Lord Conrad Black, who is the largest shareholder and chairman of the board of directors of Hollinger International, has stepped down as CEO of Hollinger in the wake of charges that he and cronies received payments that had neither been approved by the board nor disclosed to the shareholders (see here). Black also is the author of a recent biography of Franklin Delano Roosevelt. Interestingly, one of the charges against Black is that he caused Hollinger to spend $8 million to buy FDR historical papers, which he presumably then used in writing his FDR biography. For a critique of Black's analysis of FDR's economic policies, see Jim Powell's review, which Alex Tabarrok of Marginal Revolution strongly endorsed.
On to the good stuff, however; i.e., the corporate governance aspects. The WSJ (sub. req'd) is reporting that:
Mr. Black's continued role as chairman has angered some minority shareholders. "It's a disgrace," said Laura Jereski, an analyst with Tweedy Browne Co., the New York investment firm that prompted the Hollinger board to investigate fees paid to Lord Black and his associates. "This board has left a guy in place who has no recognition at all of the inappropriateness of taking money out of a public company."
To the extent Ms. Jereski is mad at the board for not removing Black from his position as chairman of the board, she has a point. Under Delaware law, the board may remove its chairman from that office. And, under these circumstances, they probably should have done so. To the extent Ms. Jereski is mad at the board for not removing Black from the board of directors, however, she has no case. According to Hollinger's 10-K, it is incorporated in Delaware. There is no provision under Delaware law for the board of directors to remove one of its members. Indeed, there is case law specifically holding that the board lacks power to remove one of its own members. See, e.g., Dillon v. Berg, 326 F. Supp. 1214 (D. Del. 1971). Under Delaware General Corporation Law § 141(k) only shareholders are authorized to remove a board member. Unfortunately for Ms. Jereski, Lord Black still controls 73% of Hollinger's voting stock. As the risk factors section of Hollinger's 10-K explains:
Lord Black currently controls a majority of the voting power of the Company.

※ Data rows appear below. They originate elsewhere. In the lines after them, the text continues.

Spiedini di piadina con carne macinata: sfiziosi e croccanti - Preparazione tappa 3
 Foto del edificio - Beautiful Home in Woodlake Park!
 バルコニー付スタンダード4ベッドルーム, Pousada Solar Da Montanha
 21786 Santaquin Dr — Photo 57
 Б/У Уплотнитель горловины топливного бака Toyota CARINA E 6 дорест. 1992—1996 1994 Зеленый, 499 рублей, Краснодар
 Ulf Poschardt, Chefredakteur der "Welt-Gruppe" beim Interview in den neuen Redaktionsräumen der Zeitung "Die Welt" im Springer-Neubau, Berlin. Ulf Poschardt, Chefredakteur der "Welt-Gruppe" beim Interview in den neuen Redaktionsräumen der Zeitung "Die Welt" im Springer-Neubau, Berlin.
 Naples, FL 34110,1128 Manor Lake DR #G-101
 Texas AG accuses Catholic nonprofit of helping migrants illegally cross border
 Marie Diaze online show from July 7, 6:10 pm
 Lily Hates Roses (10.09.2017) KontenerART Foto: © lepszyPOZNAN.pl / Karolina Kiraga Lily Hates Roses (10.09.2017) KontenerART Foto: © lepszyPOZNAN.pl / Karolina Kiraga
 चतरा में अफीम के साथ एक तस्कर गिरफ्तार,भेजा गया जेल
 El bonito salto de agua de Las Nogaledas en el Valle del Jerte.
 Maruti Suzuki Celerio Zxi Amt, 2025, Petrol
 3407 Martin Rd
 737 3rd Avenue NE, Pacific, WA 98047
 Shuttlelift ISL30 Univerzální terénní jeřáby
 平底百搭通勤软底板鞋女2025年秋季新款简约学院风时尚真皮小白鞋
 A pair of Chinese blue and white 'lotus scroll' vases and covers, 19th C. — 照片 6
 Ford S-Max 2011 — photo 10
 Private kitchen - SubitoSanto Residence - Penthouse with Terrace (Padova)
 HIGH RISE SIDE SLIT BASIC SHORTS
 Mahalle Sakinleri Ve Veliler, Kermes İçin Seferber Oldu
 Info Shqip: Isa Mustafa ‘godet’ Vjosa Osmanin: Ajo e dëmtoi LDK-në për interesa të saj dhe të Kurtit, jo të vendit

Other shareholders will be unable to affect the outcome of stockholder voting as long as Lord Black retains his controlling interest. ... As a result of this controlling interest, Lord Black will be able to determine the outcome of all matters that require shareholder approval, including the election of directors, amendment of the Company’s charter and approval of significant corporate transactions. Lord Black will also have a significant influence over decisions affecting our capital structure, including the incurrence of additional indebtedness and the declaration of dividends.
What then is to be done about Lord Black? The minority shareholders could try to remove him, but they’ll lose if he opposes it. (They'll probably also have a lot of trouble calling a special meeting and getting removal on the agenda, but set that aside). If they manage to hold a vote, and Black votes against his removal, they could try suing him for breach of the fiduciary duties owed by controlling shareholders, but that's a tough cause of action to win. (Unlike the Model Business Corporation Act, Delaware law has no provision for judicial removal of directors.) Under Securities Exchange Act § 21(d)(3), the SEC may seek to have Black barred from serving as a director or officer but only if Black is found to have violated Exchange Act § 10(b) (i.e., to have committed securities fraud). So the minority may well be stuck with Lord Black for quite a while.